Kein Zeichen von Volksnähe

Bürgerbefragung durch den Senat

VON STEFAN ALBERTI

Es klingt ja erst mal toll: Der Senat soll also bei großen Themen vorab die Bürger befragen, was die denn so von seinen Plänen halten. Doch was nun viele schon als Gewinn für die direkte Demokratie feiern, wäre im Grunde nur die Gelegenheit für eine Regierung, sich einen schlanken Fuß zu machen und für nichts einstehen zu müssen.

Der Regierende Bürgermeister Klaus Wowereit beklagt schon seit Jahren, dass sich Volksentscheide naturgemäß nur gegen Senatspolitik richten und dass er strittige Themen nicht vorab den Berlinern zur Entscheidung vorlegen könne.

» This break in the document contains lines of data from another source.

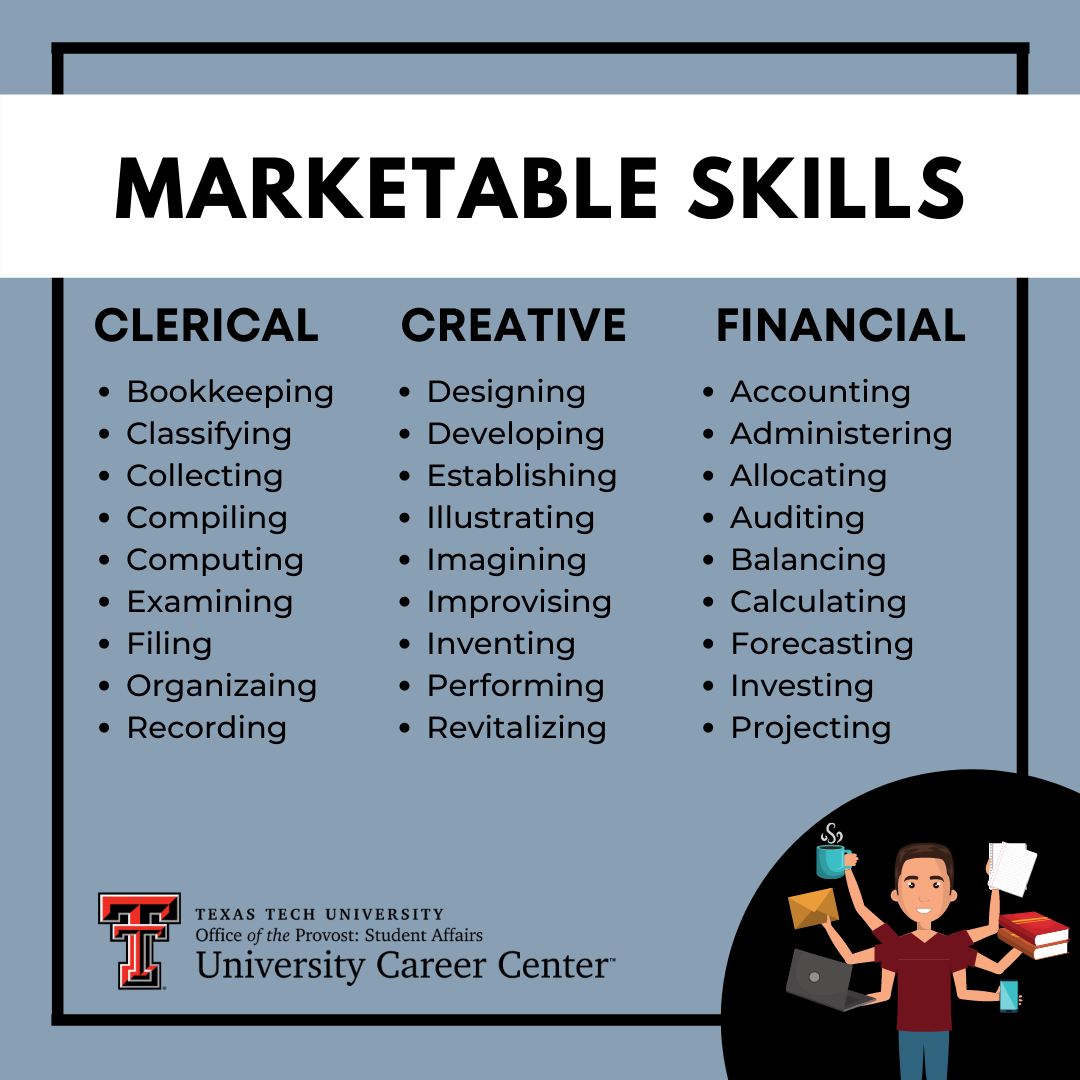 Marketable skills are abilities that are in demand in the job market; they are useful for tasks that are valuable to employers. Here are some examples of transferable skills!  #TTUCareers #HireRedRaiders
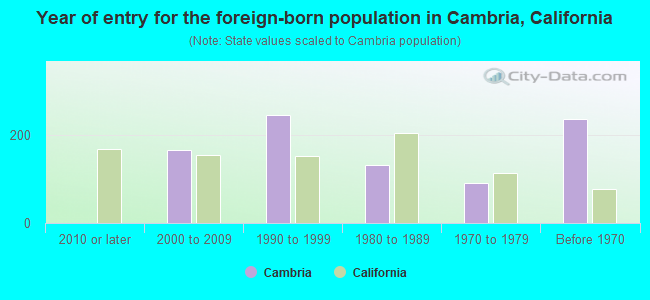 Year of entry for the foreign-born population in Cambria, California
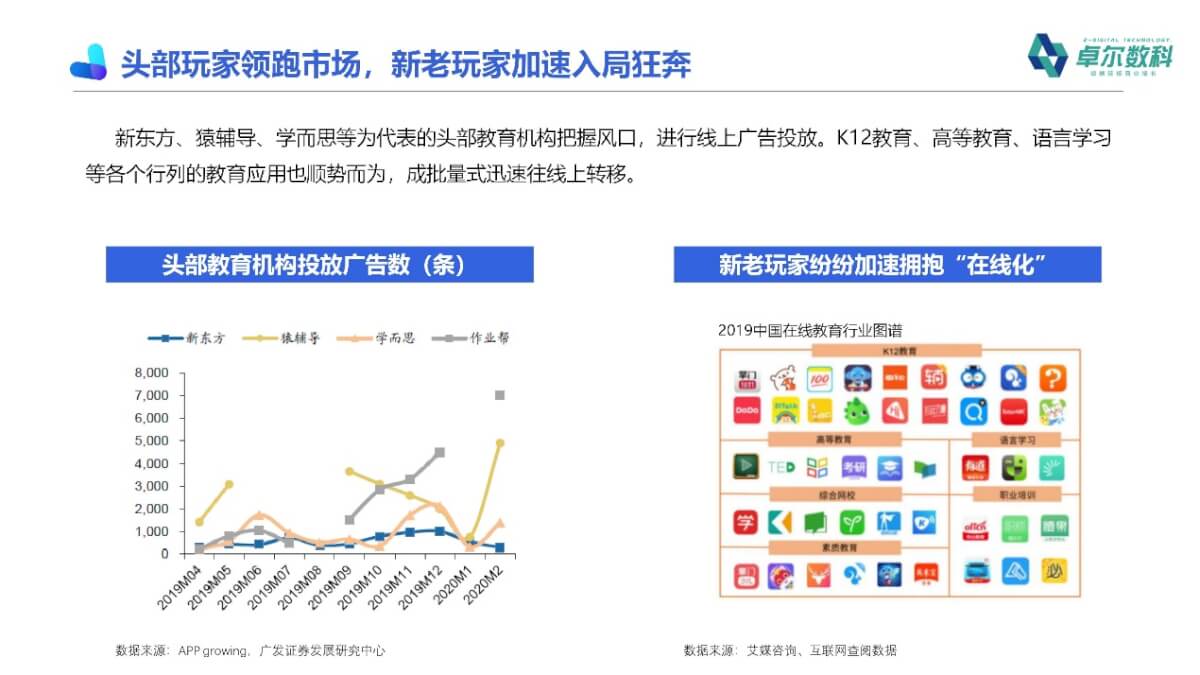 图形用户界面, 应用程序

描述已自动生成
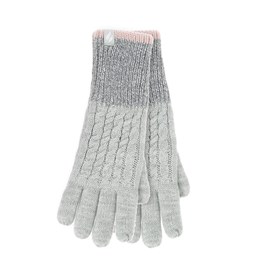 Gants Heat Holders gris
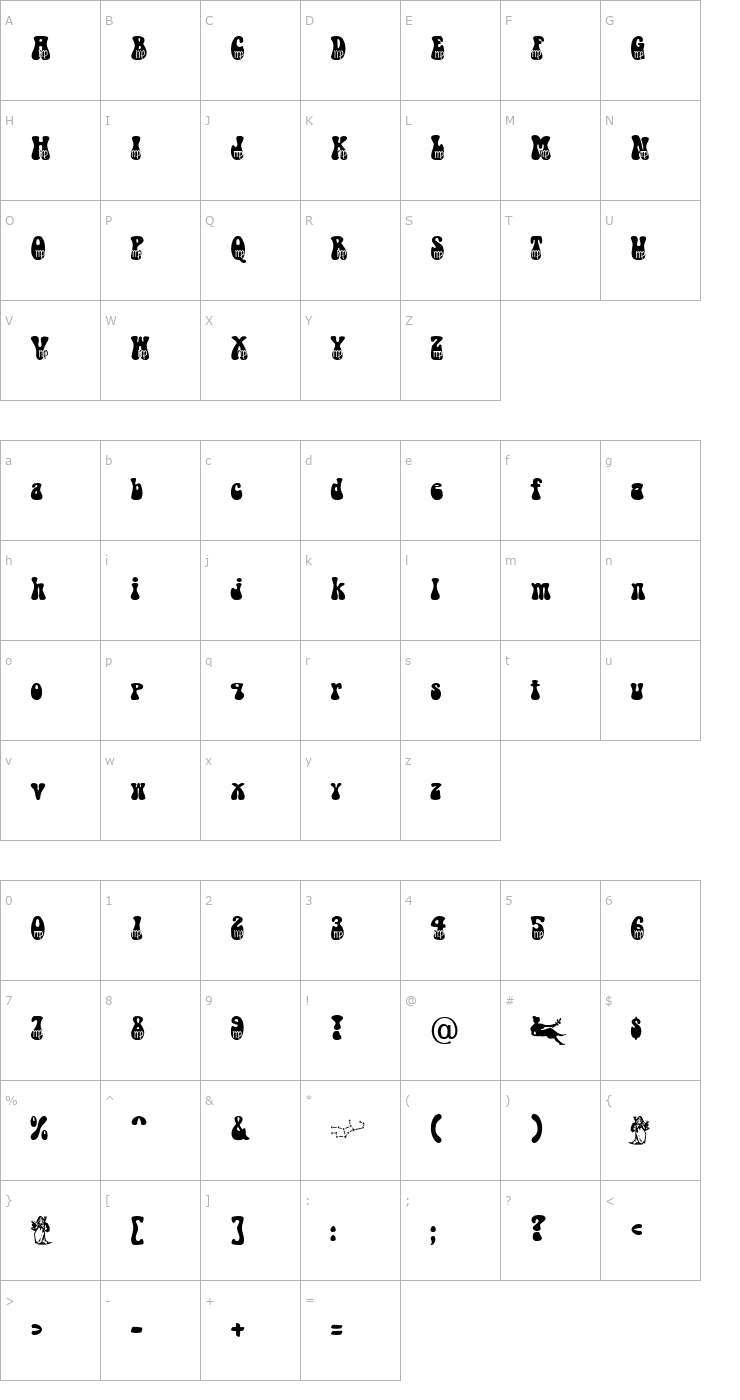 Character Map Virgo Becker Font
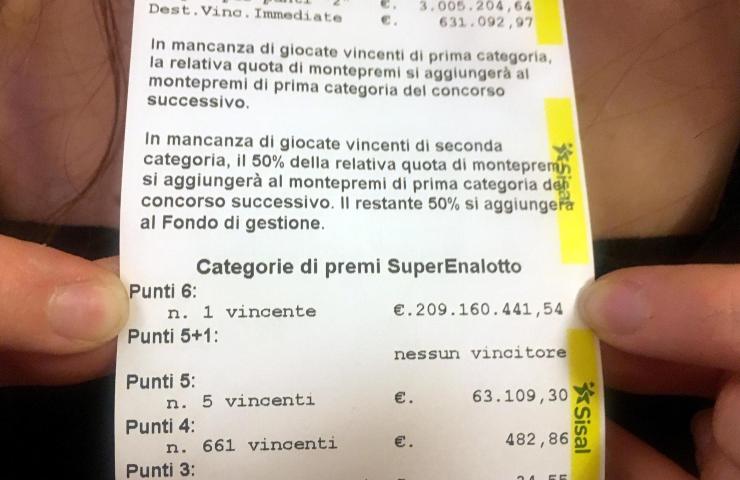Cosa fare con 200 milioni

Doch wofür gibt es Wahlprogramme, Wahlversprechen und politische Inhalte, für die er und andere Regierungschefs gewählt werden? Was sagt es über die Standhaftigkeit eines Politikers aus, der erst ganz sicher sein will, ob sein Vorhaben opportun ist, bevor er es beginnt?

Breite Verankerung fehlt

Auf vorgelagerte offizielle Befragungen zu setzen, ist auch ein Offenbarungseid vermeintlicher Volksparteien. Wer als Partei breit verankert ist, in Vereinen, Communitys, Verbänden, Initiativen, der weiß um die Haltung der Bevölkerung zu einem Thema. Und wer das weiß, der kann sich auch ohne Befragung überlegen, ob er es sich bequem macht und den Konflikt scheut. Oder ob er von der Sinnhaftigkeit seiner Politik überzeugt ist, sie umsetzen, für sie streiten und sie dann nötigenfalls auch in einem gegen sie gerichteten Volksentscheid verteidigen will.

Um mangels breiter Verankerung vorab zu erkunden, woher der Wind weht, und notfalls den Schwanz einzuziehen, braucht es keine neue Volksbefragung samt Verfassungsänderung: Dafür reicht ein Auftrag an ein Meinungsforschungsinstitut.